“Our first priority must be to let the two compete against each other. They are on such a close level and we don’t want to interfere from the outside and manipulate it in one or the other direction. So the playing field must be kept equal, that’s for sure,” Wolff said when asked if the rise in competitiveness of Mercedes’ rivals would alter their approach to the championship. Nevertheless, yesterday [the team] had a bit of a moment. After P3 we weren’t in good shape and the atmosphere wasn’t like in the races before. We see that it’s getting very competitive, that transparency is suffering a little bit and we need to make sure that this is not detrimental to the team.”
Asked to give an example of the kind of transparency he was demanding was upheld, Wolff, while insisting he wasn’t referring to any particular incident, mentioned “sandbagging” in the early stages of a grand prix weekend as something he didn’t want to see.

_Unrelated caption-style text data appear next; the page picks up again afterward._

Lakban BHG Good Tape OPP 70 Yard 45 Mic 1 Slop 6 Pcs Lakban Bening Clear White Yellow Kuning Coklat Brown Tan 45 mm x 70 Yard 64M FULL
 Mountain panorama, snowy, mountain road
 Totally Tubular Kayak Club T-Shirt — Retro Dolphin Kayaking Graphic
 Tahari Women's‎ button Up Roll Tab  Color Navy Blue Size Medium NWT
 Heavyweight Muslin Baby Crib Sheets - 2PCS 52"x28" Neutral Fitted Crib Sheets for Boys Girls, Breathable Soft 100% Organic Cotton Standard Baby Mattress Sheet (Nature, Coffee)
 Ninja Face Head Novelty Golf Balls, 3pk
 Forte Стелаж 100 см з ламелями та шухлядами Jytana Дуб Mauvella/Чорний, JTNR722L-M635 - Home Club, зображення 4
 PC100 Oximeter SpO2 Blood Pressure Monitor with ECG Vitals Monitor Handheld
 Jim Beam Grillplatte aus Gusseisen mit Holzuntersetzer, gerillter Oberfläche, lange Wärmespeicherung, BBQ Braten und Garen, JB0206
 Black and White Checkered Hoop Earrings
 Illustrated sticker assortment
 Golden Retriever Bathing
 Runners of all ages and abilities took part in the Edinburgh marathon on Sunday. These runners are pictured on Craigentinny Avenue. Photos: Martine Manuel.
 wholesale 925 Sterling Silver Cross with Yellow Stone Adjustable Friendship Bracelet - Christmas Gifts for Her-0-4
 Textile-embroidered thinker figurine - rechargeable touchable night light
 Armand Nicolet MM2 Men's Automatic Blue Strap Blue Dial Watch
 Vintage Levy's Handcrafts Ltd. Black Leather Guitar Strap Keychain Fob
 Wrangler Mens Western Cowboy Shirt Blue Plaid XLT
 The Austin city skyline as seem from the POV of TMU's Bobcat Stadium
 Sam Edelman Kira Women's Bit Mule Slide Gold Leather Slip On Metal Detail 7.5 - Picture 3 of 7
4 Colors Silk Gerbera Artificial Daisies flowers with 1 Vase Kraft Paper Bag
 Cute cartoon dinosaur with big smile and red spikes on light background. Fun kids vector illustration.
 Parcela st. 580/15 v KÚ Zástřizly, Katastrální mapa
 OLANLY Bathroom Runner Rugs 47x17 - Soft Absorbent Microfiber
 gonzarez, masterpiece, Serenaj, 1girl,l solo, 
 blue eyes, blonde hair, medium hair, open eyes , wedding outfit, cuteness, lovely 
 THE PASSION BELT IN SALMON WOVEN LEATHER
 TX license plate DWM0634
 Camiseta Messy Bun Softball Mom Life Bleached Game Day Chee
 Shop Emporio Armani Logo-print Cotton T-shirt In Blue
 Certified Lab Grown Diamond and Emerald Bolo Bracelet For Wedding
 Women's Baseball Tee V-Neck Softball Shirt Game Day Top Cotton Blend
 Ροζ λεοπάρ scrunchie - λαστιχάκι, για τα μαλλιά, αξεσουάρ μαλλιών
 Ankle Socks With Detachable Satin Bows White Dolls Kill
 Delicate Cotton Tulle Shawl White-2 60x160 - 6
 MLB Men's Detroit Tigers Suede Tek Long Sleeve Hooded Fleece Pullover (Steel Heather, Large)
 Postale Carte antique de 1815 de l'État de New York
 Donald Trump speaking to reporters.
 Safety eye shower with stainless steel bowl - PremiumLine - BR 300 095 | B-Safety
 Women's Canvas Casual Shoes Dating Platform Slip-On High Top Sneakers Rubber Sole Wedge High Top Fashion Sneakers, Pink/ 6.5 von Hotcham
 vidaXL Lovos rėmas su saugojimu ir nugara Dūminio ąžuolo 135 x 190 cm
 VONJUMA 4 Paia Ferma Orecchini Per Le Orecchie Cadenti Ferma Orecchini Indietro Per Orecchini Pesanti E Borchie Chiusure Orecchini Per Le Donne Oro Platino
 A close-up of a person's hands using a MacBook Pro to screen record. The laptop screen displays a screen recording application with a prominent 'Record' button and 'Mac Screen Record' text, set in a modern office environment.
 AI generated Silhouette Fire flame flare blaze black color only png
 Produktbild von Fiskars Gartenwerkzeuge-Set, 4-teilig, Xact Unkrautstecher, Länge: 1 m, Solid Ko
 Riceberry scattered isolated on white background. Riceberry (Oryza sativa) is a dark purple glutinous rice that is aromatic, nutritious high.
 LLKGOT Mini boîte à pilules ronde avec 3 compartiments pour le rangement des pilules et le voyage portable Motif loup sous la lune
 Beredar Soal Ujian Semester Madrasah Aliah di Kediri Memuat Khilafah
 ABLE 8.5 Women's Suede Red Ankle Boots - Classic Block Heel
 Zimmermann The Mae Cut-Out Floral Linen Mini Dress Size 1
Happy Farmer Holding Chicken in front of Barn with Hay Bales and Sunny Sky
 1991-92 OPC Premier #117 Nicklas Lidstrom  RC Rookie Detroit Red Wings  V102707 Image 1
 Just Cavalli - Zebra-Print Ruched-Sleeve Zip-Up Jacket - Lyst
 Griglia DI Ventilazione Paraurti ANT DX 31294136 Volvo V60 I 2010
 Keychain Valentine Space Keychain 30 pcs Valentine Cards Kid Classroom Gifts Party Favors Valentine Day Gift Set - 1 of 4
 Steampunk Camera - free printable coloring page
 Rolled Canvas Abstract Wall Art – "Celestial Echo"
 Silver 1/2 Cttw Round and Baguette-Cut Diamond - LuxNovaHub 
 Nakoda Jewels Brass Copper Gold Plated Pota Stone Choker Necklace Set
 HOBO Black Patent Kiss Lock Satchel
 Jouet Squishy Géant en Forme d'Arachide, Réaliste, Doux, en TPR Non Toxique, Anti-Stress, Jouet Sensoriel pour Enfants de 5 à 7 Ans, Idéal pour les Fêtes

“Transparency is all about exchanging views and what the car does and learning from each other,” he added. “We obviously have to look very carefully at it, but we don’t want to keep the lap which is the lap which is showing how capable the car is until the final qualifying because we need to understand where we can improve the car. That is one of the examples. I’m not saying this has happened – we just don’t want to see any sandbagging and aborted laps when we need to learn about the car.”
The Austrian insisted that it was vital that the whole outfit were pulling in the same direction if Mercedes’ dominance at the start of F1’s new era was to prove long-lasting.
“We need the knowledge of the whole group, we need the whole group working together. It’s not only the drivers, it’s also the engineers of both sides of the garage. This is the spirit we want to maintain,” Wolff explained. “It’s not about winning the next couple of races, but hopefully staying competitive the next couple of years. Therefore every race we need to learn and we can only learn if we’re having an open and transparent way of working with each other.”
Wolff acknowledged that the drivers and the team had contrasting primary objectives for 2014 and suggested the Brackley outfit needed to continue to manage the situation closely until the team’s target – the Constructors’ title – was secured.
“Obviously the drivers, their main objective is about winning the Drivers’ Championship. Our main agenda is about winning the Constructors’ Championship and making sure that one of the drivers wins the Drivers’ Championship,” Wolff said. So maybe first we need to win the Constructors’ and then we can unleash them.”
And although committed to providing both Hamilton and Rosberg with an equal chance to end the year as World Champion, Wolff hopes Mercedes aren’t on the receiving end of a harsh lesson from history by the end of the campaign.
“We must expect tension to creep in,” he said. “In the past most of the systems came back to a number one and number two driver. We are still in the situation that we believe in equal status because it’s what we think our racing philosophy and spirit should be – and not only for Mercedes but Formula 1 in general. But we could well be finding out at a certain stage that the intelligent guys in the last 30 years had a reason why they did it. I hope we are never going to find that out and we never need to find that out, but it could well be. But, as I said before, we are not having any issues until now. It is all running in the way we expected but we need to monitor it.”